▶ [EXERCISE DETAILS]
Once you find the line containing "Perusahaan Pengolahan Kayu", set down exactly that line and every one after it through the end of the listing below, with both ends included and any pictures omitted.

▶ [ENTRIES SHOWN]
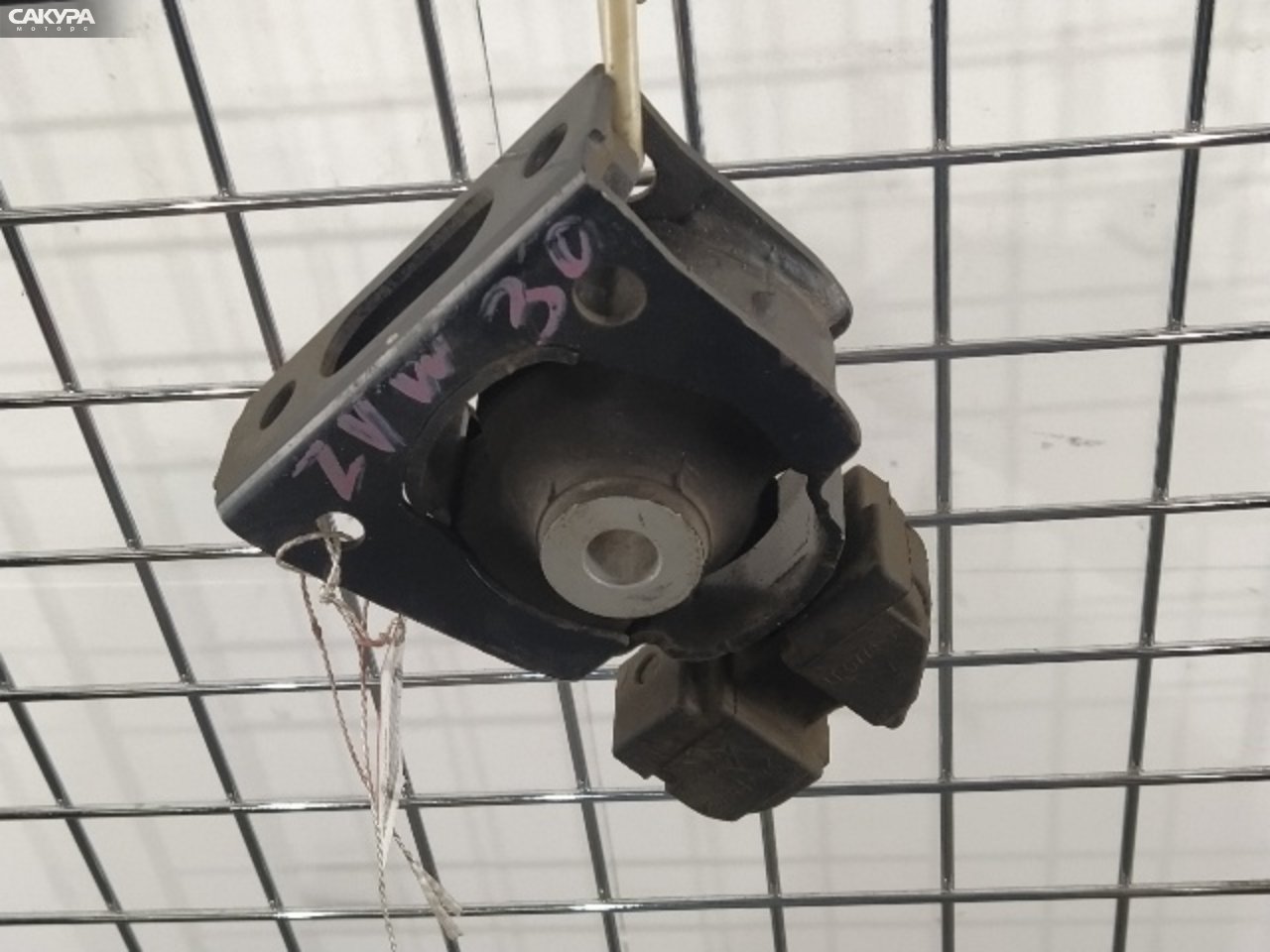 Подушка двигателя передняя Toyota Prius ZVW30 2ZR-FXE: купить в Сакура Красноярск.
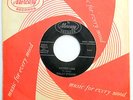 WALLY WIGGINS 45 Maybelline / Sweeter Than Sweet R&B Rocker 1960 m317
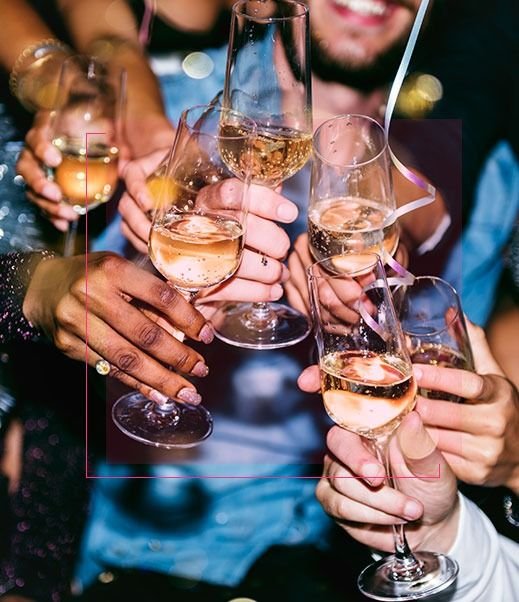 Brindis con copas en una celebración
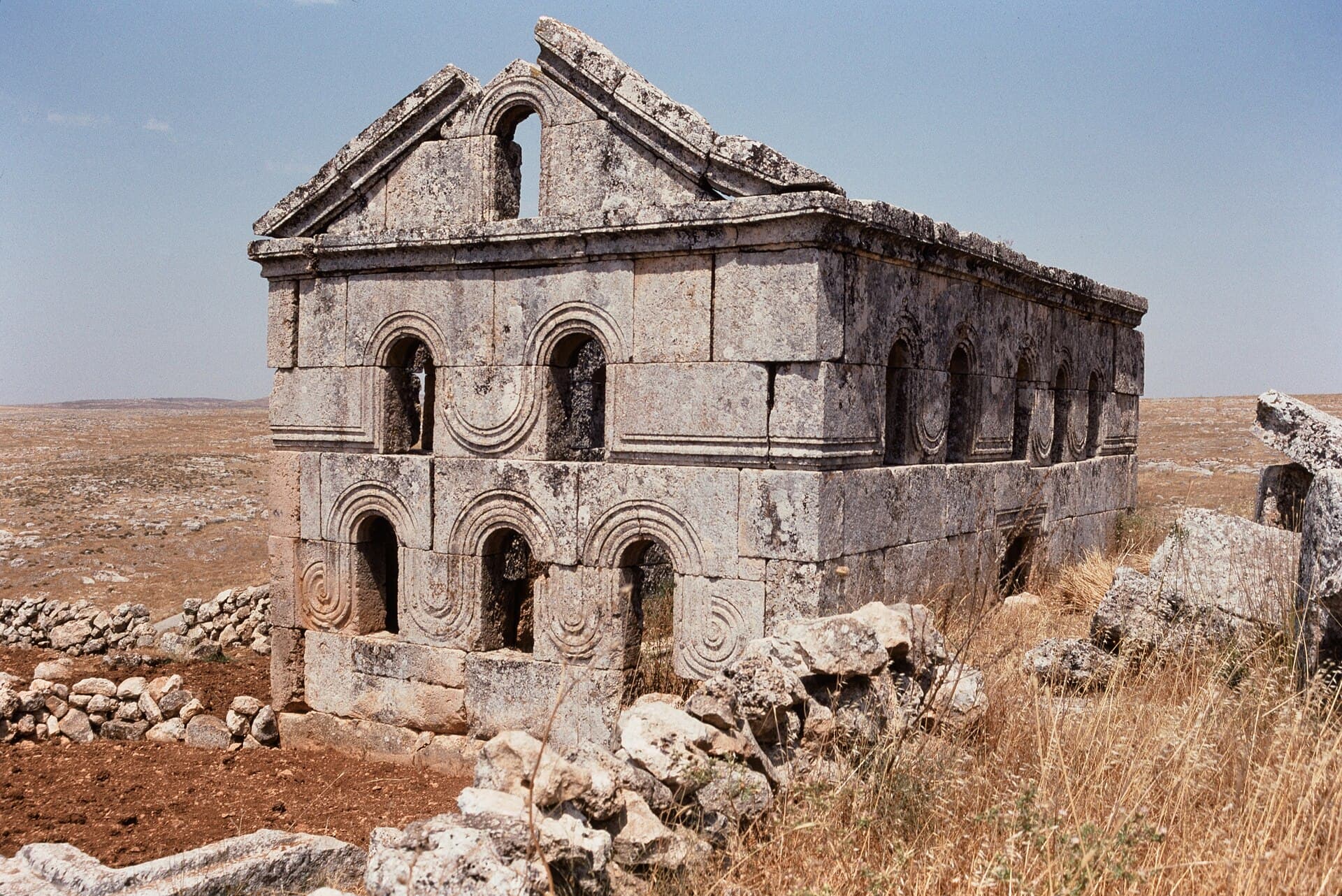 Barişa Dağı'ndaki Deyruni manastır şapeli: alınlığı ayakta batı cephesi ve kemerli pencerelerin üstünden helezonla dolanan silmeler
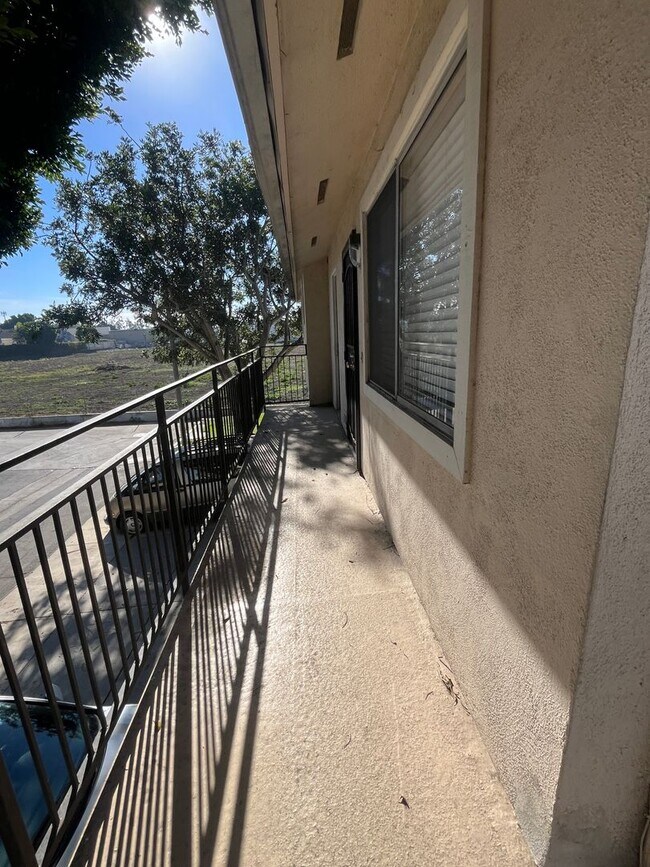 Foto del edificio - Completely Remodeled Beauty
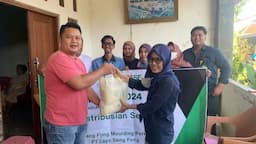Perusahaan Pengolahan Kayu di Jombang Ini Salurkan 1500 Paket Sembako Kepada Warga Tunggorono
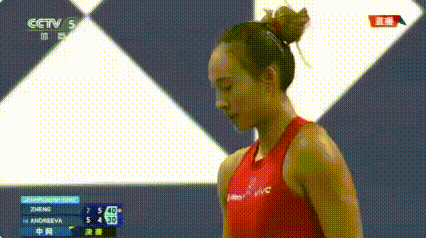 中网官方海报8个女单位置没放郑钦文的脸。四个月后，她把中网办了20年没人拿过的本土女单奖杯抱走了。外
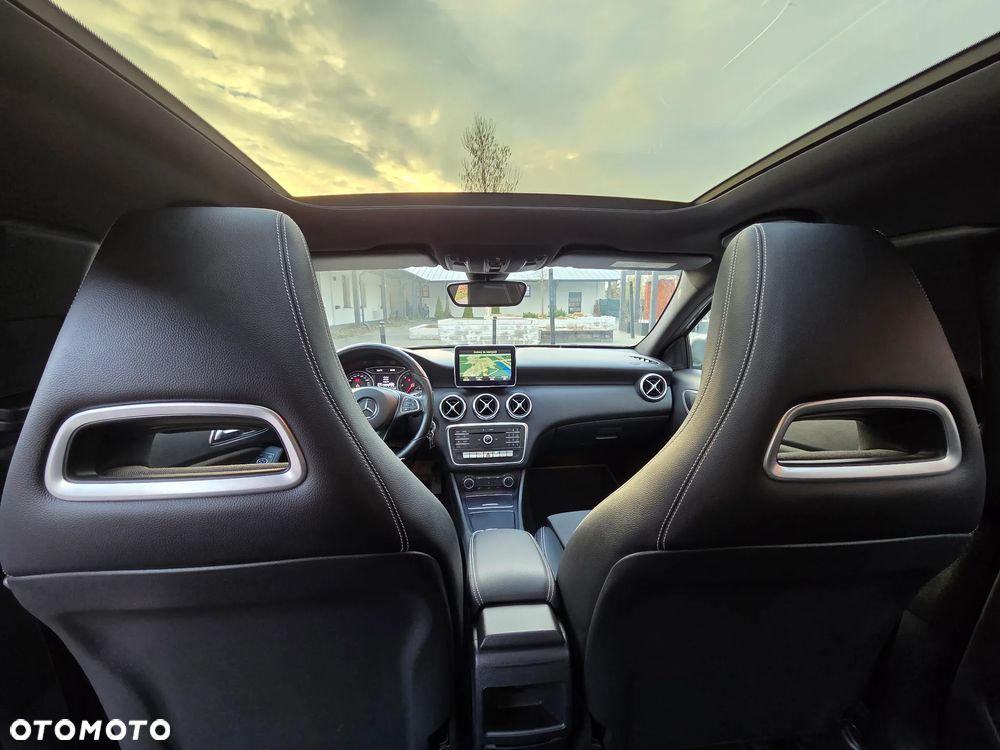 Mercedes-Benz Klasa A 180 d 7G-DCT Urban - 19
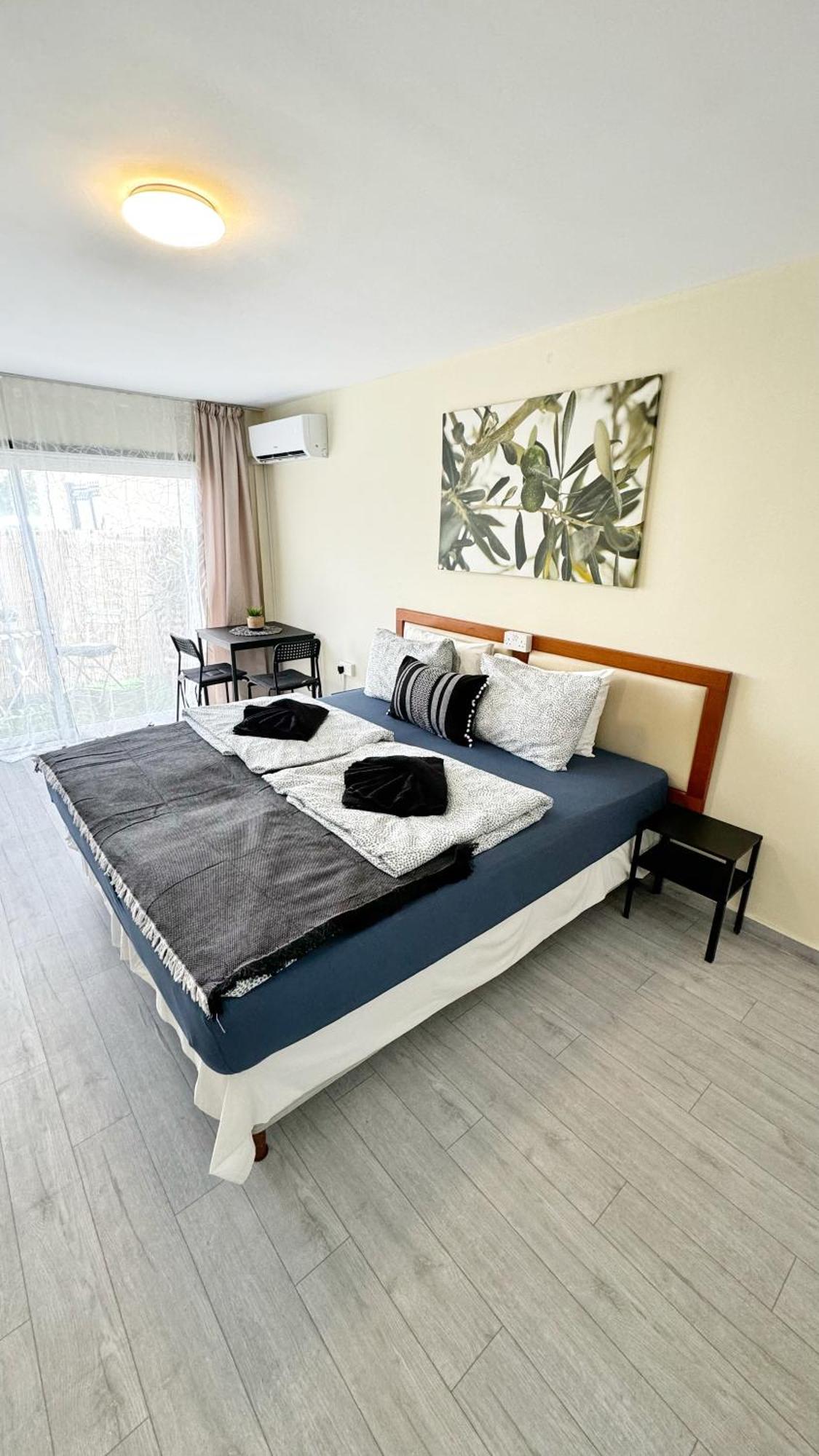 Chloraka Bay Studio Экстерьер фото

▶ [FINAL ANSWER]
Perusahaan Pengolahan Kayu di Jombang Ini Salurkan 1500 Paket Sembako Kepada Warga Tunggorono
 中网官方海报8个女单位置没放郑钦文的脸。四个月后，她把中网办了20年没人拿过的本土女单奖杯抱走了。外
 Mercedes-Benz Klasa A 180 d 7G-DCT Urban - 19
 Chloraka Bay Studio Экстерьер фото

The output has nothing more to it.